Our well may date from the original farmhouse which used to occupy this property but burned a few years ago, well before we purchased. We know it’s shallow and it’s filled with metals like rusty iron and manganese which we don’t care to drink, so we visit the artesian spring down the road which sports an old, permanently-affixed-in-open position hand pump. It burbles out of the ground like this year round regardless of how cold it gets. We still use a good ceramic filtration system even on this good water. After all, Wisconsin is a farm state so who knows what goes in the water and the water table is relatively shallow to the surface. Eventually, we’ll need a new, deeper well but that’s down the line so meantime I’ll get to be good friends with the turkeys I guess.
Marc has come and gone again and again changed his mind as to what he wants to do with the front deck. I thought we were in line to just screen it in but he is back to wanting to build a sunroom out of it, which requires much more work and expense. The winds get hellacious here and the bugs can be a problem so a sunroom will prove to be much more comfortable and usable. The first order of business was to get rid of our spa since we haven’t been able to use it due to the poor water quality of the well. I couldn’t sell it for $175 so we ended up advertising it for free and this past Saturday I saw it go bye down the road to a cabin on Spencer Lake. That made the deck suddenly seem huge!
During his visit, we got a bunch of small items attended to including servicing the lawnmower and removing the fencing which had surrounded our birch trees.

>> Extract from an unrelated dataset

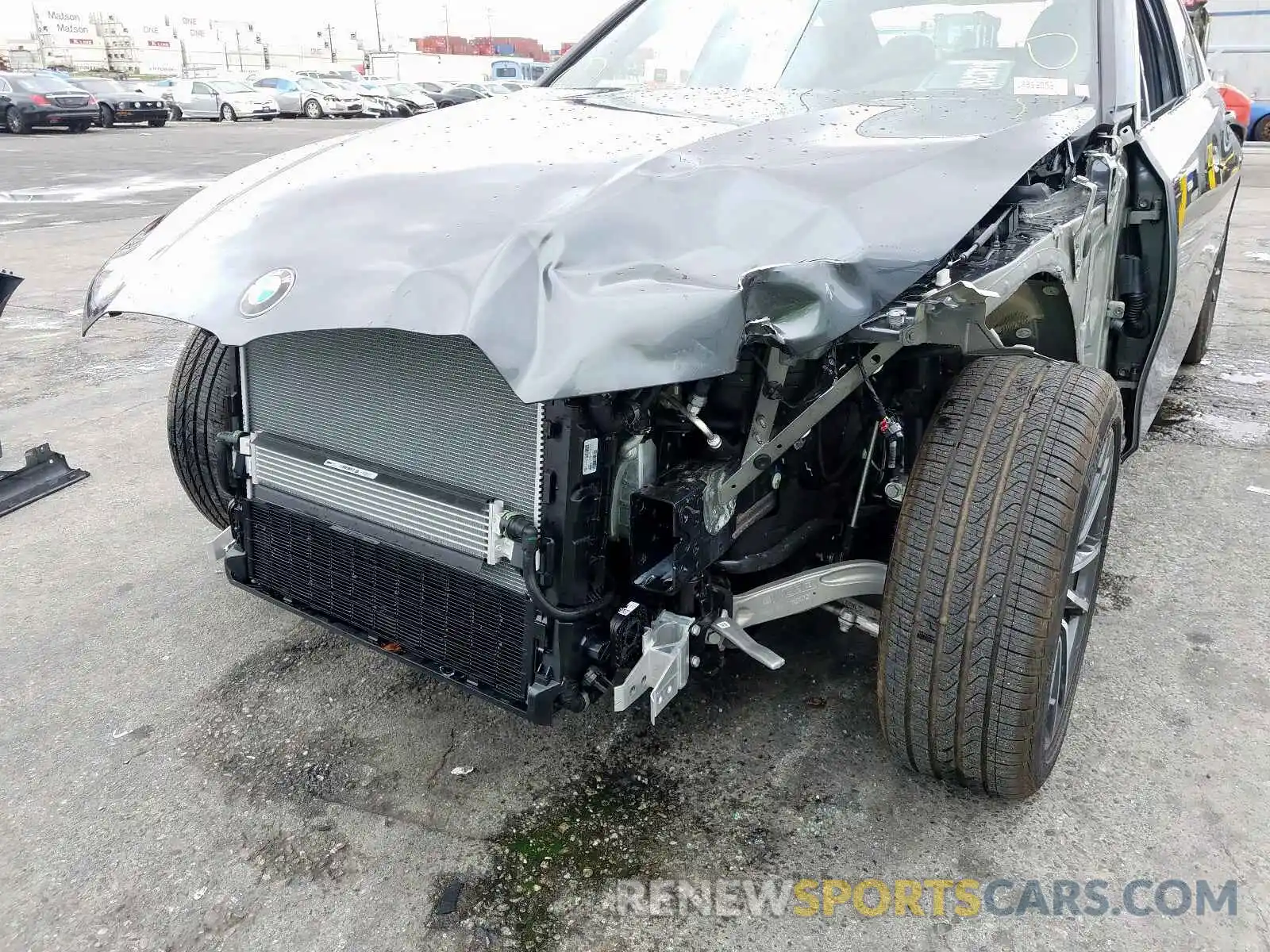 9 Фотография поврежденного автомобиля 3MW5R1J0XL8B19259 BMW 3 SERIES 2020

He also got the pallet wood inserted into the old iron table base I had previously purchased and I’m loving the rustic look in my living room!
This week I am working on my marathon bread making stint for the shelter’s bake sale in September. Keep in mind my bread making is a two-day process since it must sit 24 hours after being mixed. I bake four loaves the following day. I usually aim for a total of twenty loaves so it’s no quick task to get prepared for the sale. I start early as I don’t like to be tied to this every single day, especially on the hot days! Other than that, things are just the summer normal—weeding, watering, mowing—repeat. Oh, I did transplant around 12 lilacs yesterday from our mother plant to an area adjacent to the side of the house. It was easy digging with our recent rains.